Retype the records in full, and please keep the pictures out of the copy.

Short descriptive text snippets
--- START ---

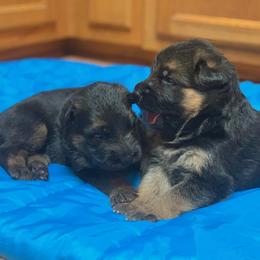 German Shepherds from German Shepherds vom Silberwald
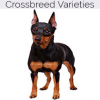 https://www.americanbreeder.com/images/com_adsmanager/categories/2452cat_t.jpg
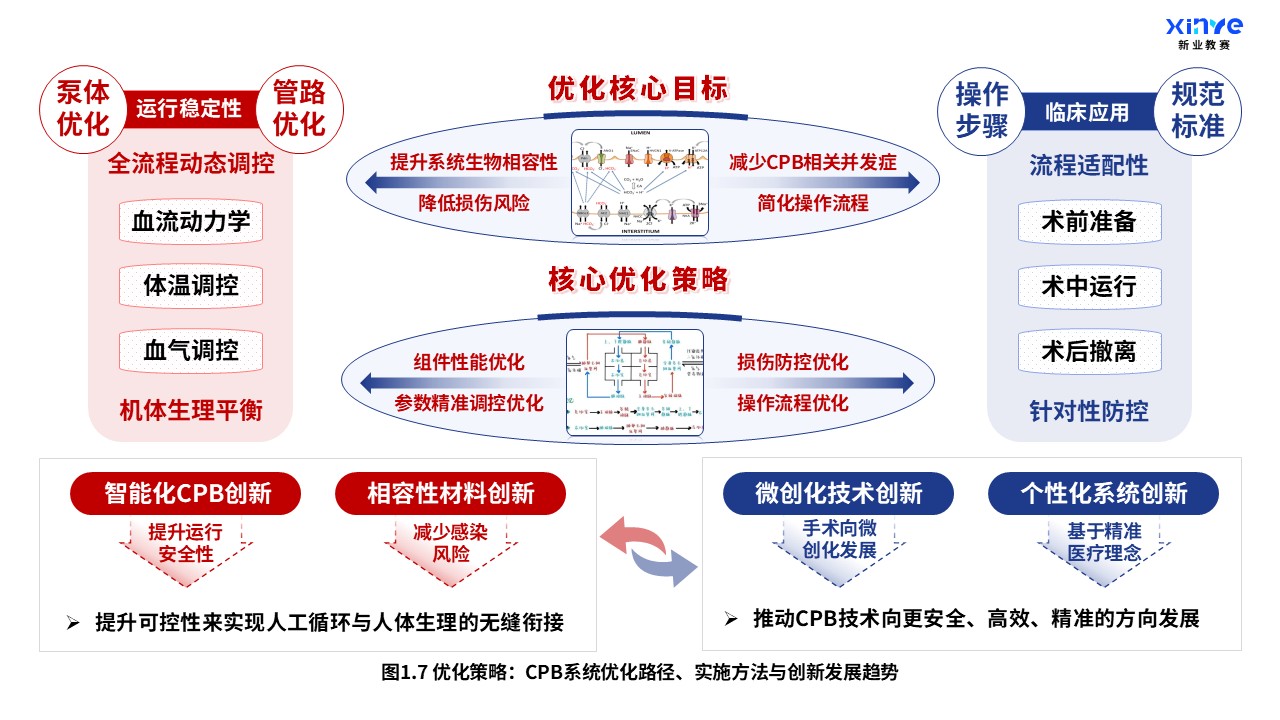 52-1 科研架构图（体外循环系统与心肺支持原理-蓝红）第7页预览图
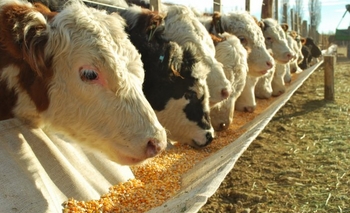 Imagen de la nota: Reglamentan ley que regula a los feedlots en la Provincia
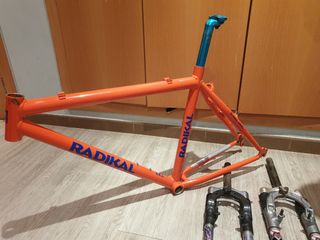 Cuadro Radikal años 90's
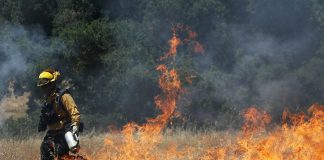 What you should know about Wildfire App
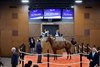 Hip 54 2026 Fasig-Tipton Midlantic Two-Year-Olds in Training Sale, Timonium Maryland.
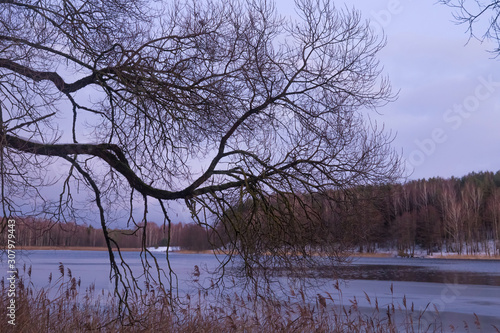 Beautiful winter landscape with lake in Trakai, Lithuania in evening time. photo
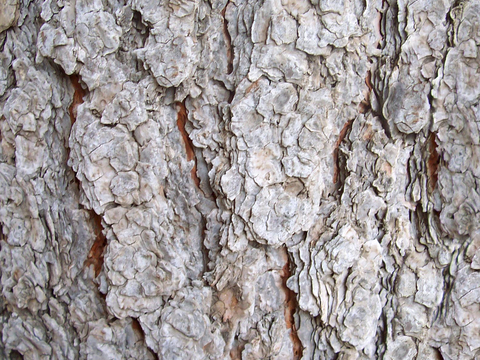  树皮 树干 木头 残旧木纹 木材 木柴 树枝 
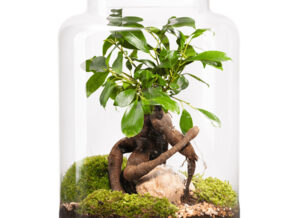 terrario-planta-ginseng-tienda-madrid-detalle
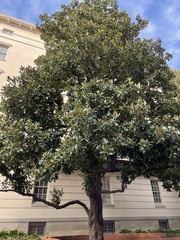 Magnolia grandiflora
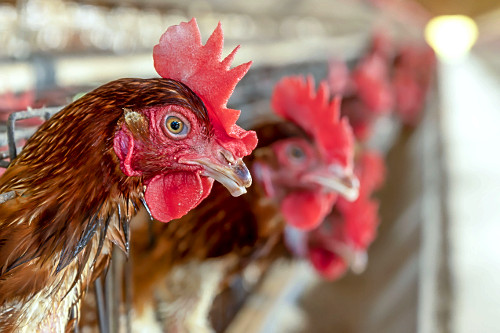 Granja de galinhas poedeiras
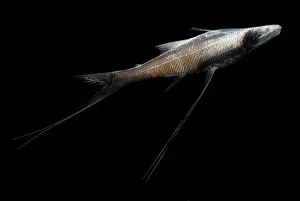 Predatory Prints: Tripod Fish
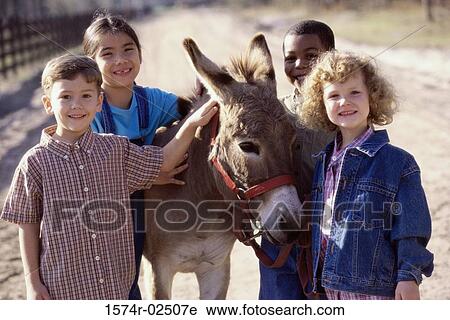 Portrait of a group of children standing with a donkey View Large Photo Image Stock Image - Portrait of a group of children standing with a donkey. Fotosearch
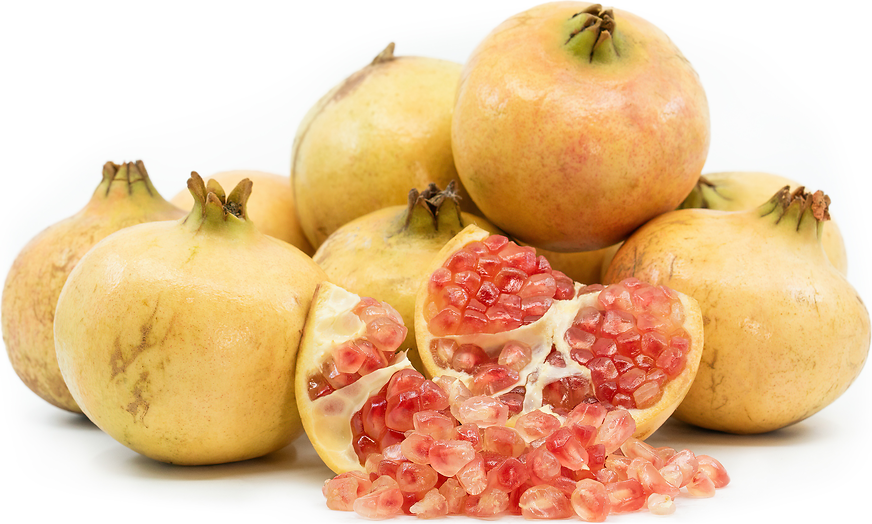 Pomegranate P5 Fruit Plant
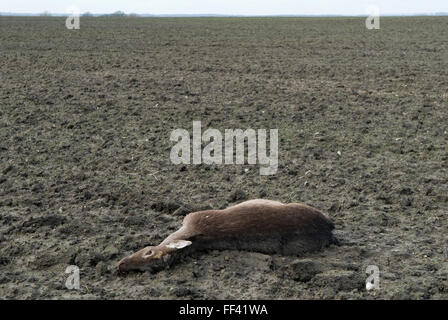 Roe Deer mort campagne Oxfordshire, probablement tué, frappé par une voiture de passage, puis a décalé dans ce champ voisin et est mort. ROYAUME-UNI 2016 HOMER SYKES Banque D'Images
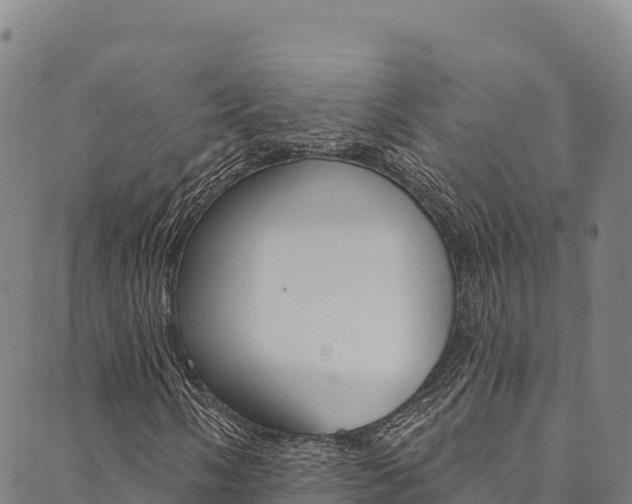 X0000090481058200707131038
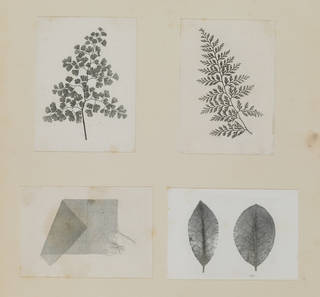 Sheet of yellowing paper with photographic prints of four fern leaves and a piece of material in grey and black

--- END ---

> **ANSWER TO THE EXERCISE**
 German Shepherds from German Shepherds vom Silberwald
 https://www.americanbreeder.com/images/com_adsmanager/categories/2452cat_t.jpg
 52-1 科研架构图（体外循环系统与心肺支持原理-蓝红）第7页预览图
 Imagen de la nota: Reglamentan ley que regula a los feedlots en la Provincia
 Cuadro Radikal años 90's
 What you should know about Wildfire App
 Hip 54 2026 Fasig-Tipton Midlantic Two-Year-Olds in Training Sale, Timonium Maryland.
 Beautiful winter landscape with lake in Trakai, Lithuania in evening time. photo
  树皮 树干 木头 残旧木纹 木材 木柴 树枝 
 terrario-planta-ginseng-tienda-madrid-detalle
 Magnolia grandiflora
 Granja de galinhas poedeiras
 Predatory Prints: Tripod Fish
 Portrait of a group of children standing with a donkey View Large Photo Image Stock Image - Portrait of a group of children standing with a donkey. Fotosearch
 Pomegranate P5 Fruit Plant
 Roe Deer mort campagne Oxfordshire, probablement tué, frappé par une voiture de passage, puis a décalé dans ce champ voisin et est mort. ROYAUME-UNI 2016 HOMER SYKES Banque D'Images
 X0000090481058200707131038
 Sheet of yellowing paper with photographic prints of four fern leaves and a piece of material in grey and black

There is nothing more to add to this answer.